Iannis Xenakis was in many ways a unique figure of the twentieth-century. His compositional practices were sozzled in advanced mathematics, stochastic practices whose explication was certainly not for the feeble-hearted; or the non-mathematical for that matter. But what is really surprising is the primal force of the resulting scores. Shorn of obvious melody and containing rhythms that can one moment appear simple, the next moment dauntingly complex - pity the poor executants! - Xenakis’s music often speaks to us deep within our psyche.

The Mondrian Ensemble is fearless in the face of such a score as Ikhoor from 1978. The title refers to the fluid that flowed in the veins of the Gods. The characteristically raw energy of the opening sets the tone for the piece as a whole, although some surprisingly ‘warm’ sounding chords raise an eyebrow. Xenakis’s ear was acute and his effects could certainly make one listen anew. Try the violin slides around 5’10, so reminiscent of the ‘Clangers’ (as the other instruments join in, we get a conference of Clangers). For those readers either not old enough to remember the Clangers or from other territories, my apologies. They made scooping noises like other-worldly penny-whistles.

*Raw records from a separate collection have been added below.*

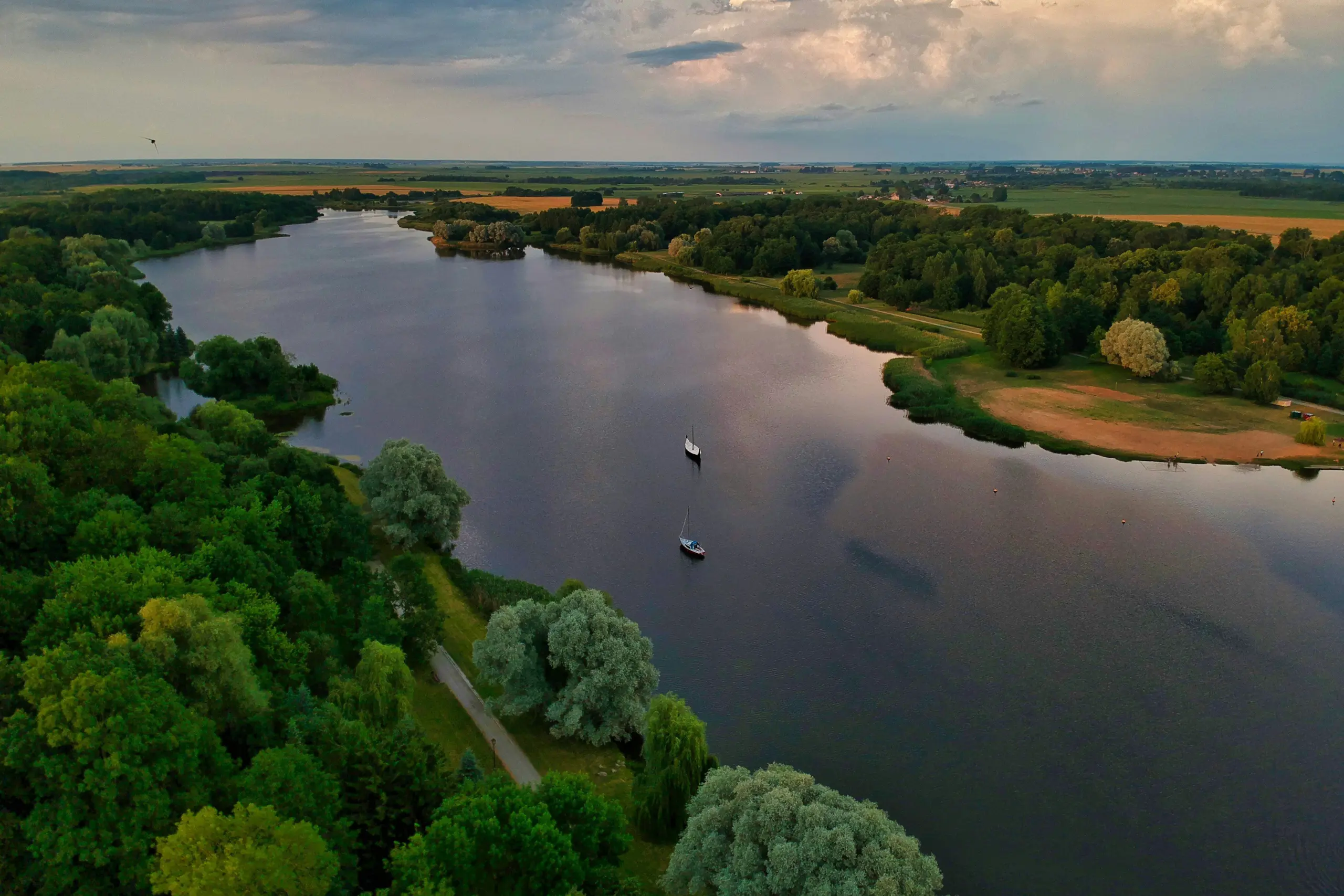 A peaceful lake in Belarus surrounded by green forests and reflecting the blue sky.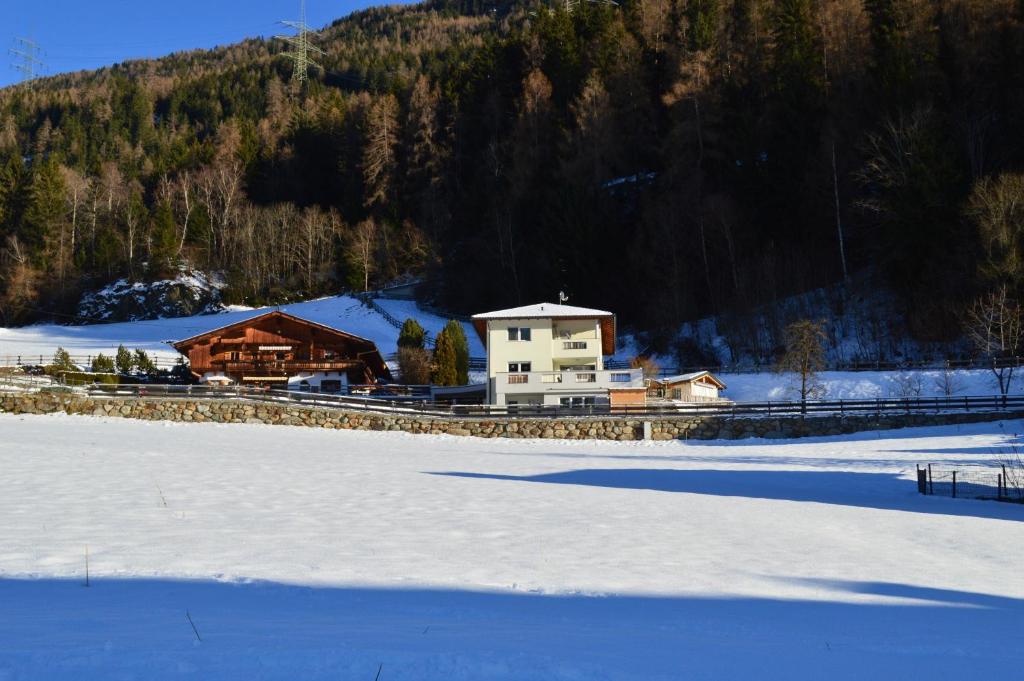 a house in the snow next to a snow covered field at Haus Raich - Pitztal Card im Sommer inklusive in Arzl im Pitztal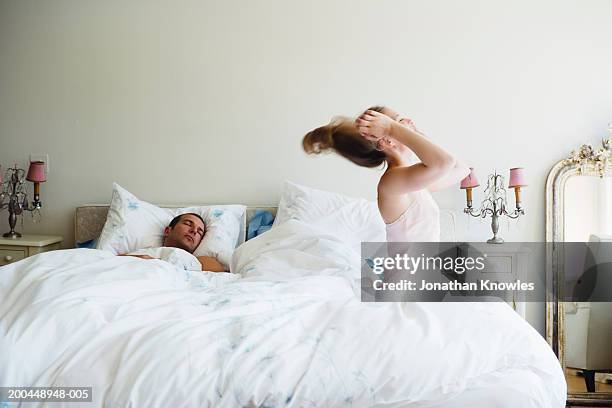 couple in bed, side view of woman throwing head back, man asleep - slaapkamer zijaanzicht stockfoto's en -beelden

The Mondrian Ensemble delivers the score with huge confidence; from the accompanying pictures, it is that confidence born of youth. This is one of three trios by Xenakis (Linaia-Agon, of 1971 and Okho of 1989 are also in his catalogue – for further investigation, go to the Arditti’s excellent two-disc set issued in 2000 on Disques Montaigne MO782137).

To take the works in order of playing, Michel Roth’s verinnerung for piano trio takes its inspiration from a painting by Mondrian (‘Composition with Red, Yellow and Blue’ of 1928: http://www.inter-art.com/en/1881.htm). The work was commissioned by the present ensemble.

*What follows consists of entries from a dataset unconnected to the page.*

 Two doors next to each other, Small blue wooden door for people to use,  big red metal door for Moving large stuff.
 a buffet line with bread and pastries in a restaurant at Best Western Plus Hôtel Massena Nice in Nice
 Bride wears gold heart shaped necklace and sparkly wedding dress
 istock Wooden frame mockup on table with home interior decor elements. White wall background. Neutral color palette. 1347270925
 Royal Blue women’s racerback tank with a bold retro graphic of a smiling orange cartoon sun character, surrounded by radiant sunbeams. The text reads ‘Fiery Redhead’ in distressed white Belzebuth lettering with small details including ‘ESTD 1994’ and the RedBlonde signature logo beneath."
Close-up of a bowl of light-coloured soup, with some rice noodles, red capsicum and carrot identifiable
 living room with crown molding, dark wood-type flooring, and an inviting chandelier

Michael Kinkel’s booklet note states that: ‘The consistent elimination of direct musical gestures in favour of nuanced sound could be interpreted as a parallel to an external stylistic trait of Mondrian’s painting’ before suggesting that, ‘such comparisons do not take us very far’. No, quite. But that is not to knock the piece itself. Roth used microtonal techniques as part of his armoury. There is something of Feldman about this work in that one is kept hanging on for the next sound one hears. Certainly there is a fragile beauty about much of this work; although there are also elements of the violent – the blindly obsessional note repetitions around 12’10 almost exude panic and are definitely discomforting to listen to!

Martin Jaggi takes natural phenomena as starting points for his music; in the present instance Saharan plateaux that have networks of dry furrows. Apparently this is part of a Sahara trilogy. There is a sense of peace to contrast with the piling-up of aggregates; an agile piano part, well delivered here. Again, as in the Roth, there are obsessive repetitions, but here they are more rhythmically primal.

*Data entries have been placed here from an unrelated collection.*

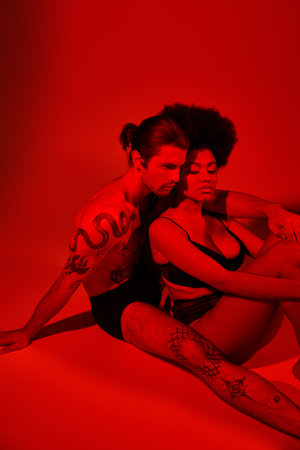 handsome man with tattoos posing alluringly with his pretty african american girlfriend, sexy coupleの写真素材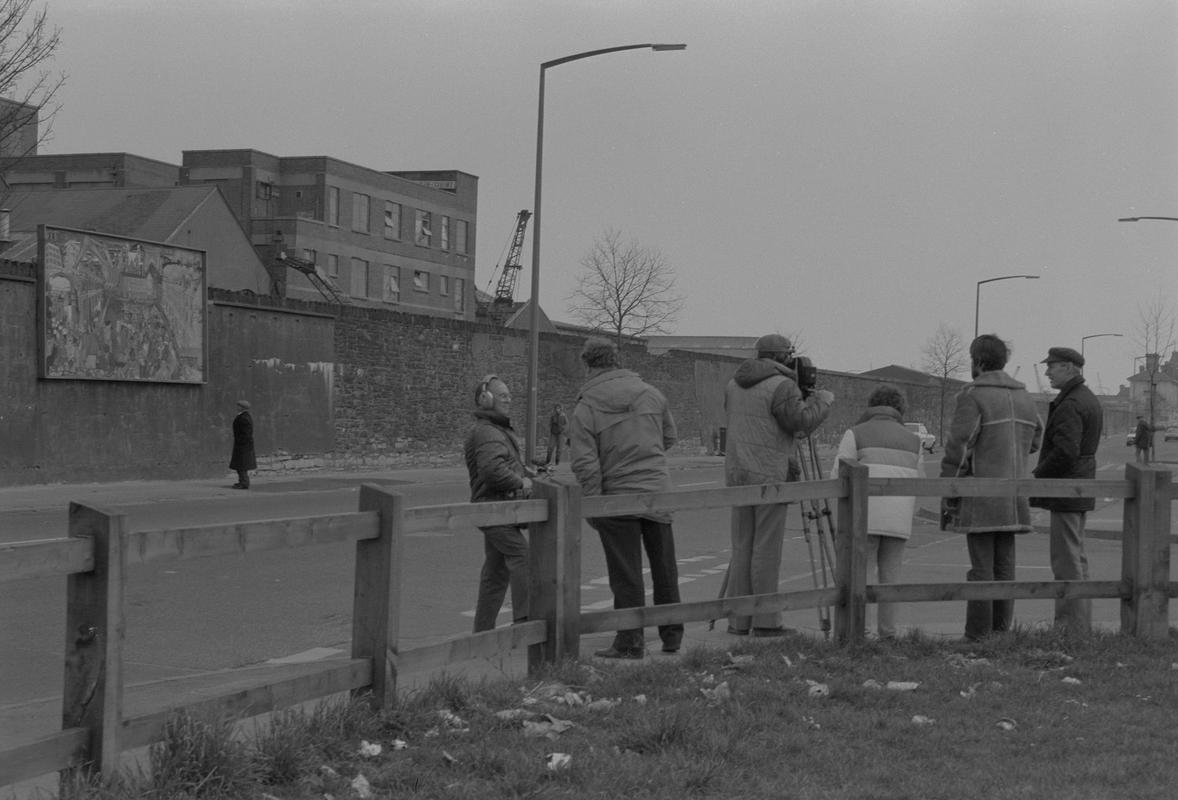 Film crew on Bute Street opposite mural on wall of railway embankment.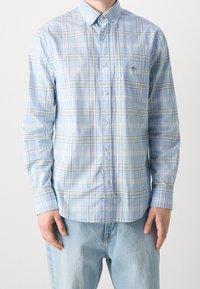 Camicia a quadri azzurri chiari con colletto abbottonato, maniche lunghe e taschino sul petto. Presenta linee bianche e viola che si intersecano.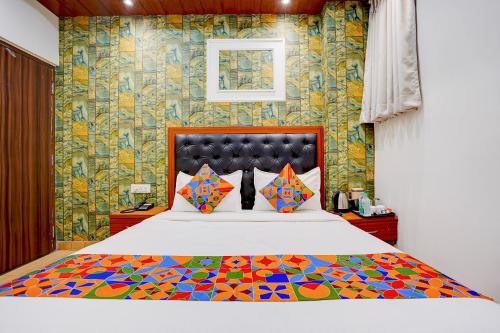 a bedroom with a large bed with a colorful comforter at FabHotel SV Grand I in Varanasi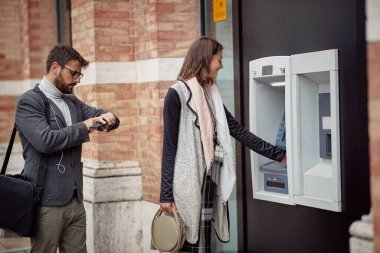 Genç ve zarif bir adam para makinesi için sırada bekliyor ve geç kaldığı için bilek saatini üzgün bir şekilde izliyor. Yürüyüş, ATM, şehir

It is always exciting to see the music of Scelsi being made freely available. His simply titled ‘Trio à cordes’ was written in 1958 and typically for a product of this fertile mind, Scelsi goes about reinventing the string trio into a hitherto ‘unknown’ instrument. Each of the four movements unfolds (or evolves) from a single note (B flat – F sharp – B natural – C natural). The booklet notes tell of Scelsi’s overcoming of a creative crisis by repeating a single note over and over until he could hear it ‘from the inside out’. There is the hand of a Master in the way the second movement dissolves into nothing, balancing perhaps the progressive intensification of the first movement. The finale is the most overtly nocturnal movement.

Finally Dieter Ammann’s Gehörte Form – Hommages. The booklet notes link the opening to the beginning of Ligeti’s Second String Quartet (1968). Although Ammann obviously has a keen ear for sonority, the work seems over-long at 18’46. He delights in juxtapositions. The ‘arrival’ at around four minutes is noteworthy; as if in recognition of this arrival, the instruments slither away, almost guiltily! Unpredictable terrain, certainly, although it strikes the present writer as rather weak. A shame, as the rest of the disc has so much to offer.